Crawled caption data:
########################################

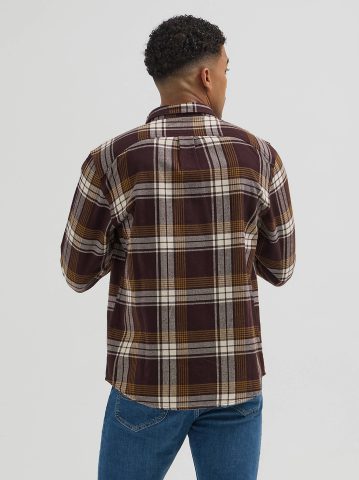 Men's Relaxed Fit Riveted Plaid Button Down Shirt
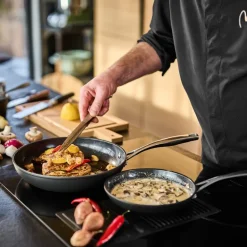 Black Line stekepanne 20 cm svart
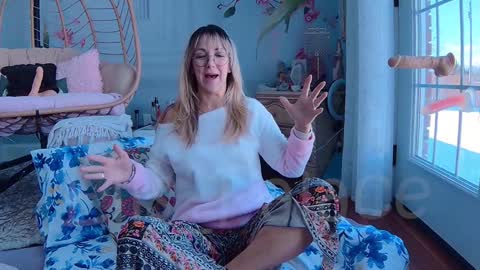 Snapshot of ells_palace chatting on 26, 1, 2025 Ella Bella Bo Bella online show from 26, 1, 2025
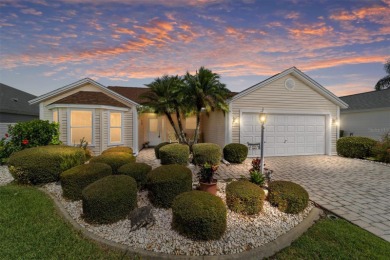 This well-maintained 3 bedroom, 2 bath, CYPRESS model in the on The Links of Spruce Creek in Florida - for sale on GolfHomes.com, golf home, golf lot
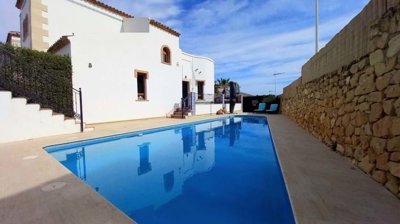 4 Bed Villa for sale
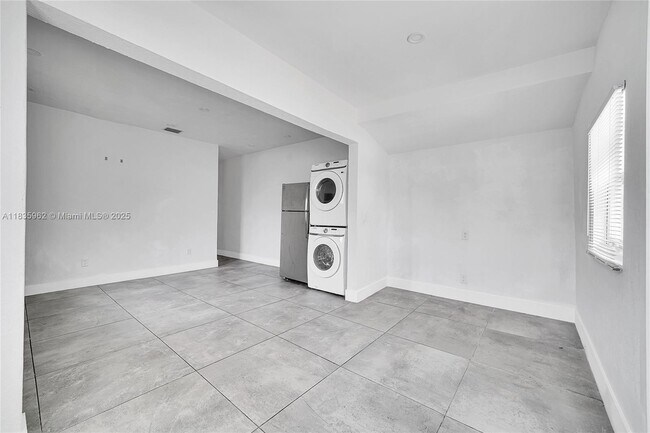 Foto del edificio - 19 NE 48th St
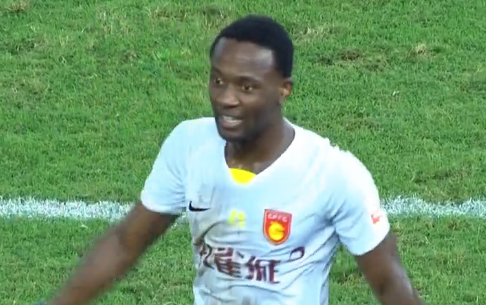 GIF：框框框！卓尔门框快被打烂了！图雷脚后跟进球又被吹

########################################

Work to be completed = Exact copy, pictures excluded: print only the lines from the line containing "This well-maintained 3" through the end of the records.

Answer section =
 This well-maintained 3 bedroom, 2 bath, CYPRESS model in the on The Links of Spruce Creek in Florida - for sale on GolfHomes.com, golf home, golf lot
 4 Bed Villa for sale
 Foto del edificio - 19 NE 48th St
 GIF：框框框！卓尔门框快被打烂了！图雷脚后跟进球又被吹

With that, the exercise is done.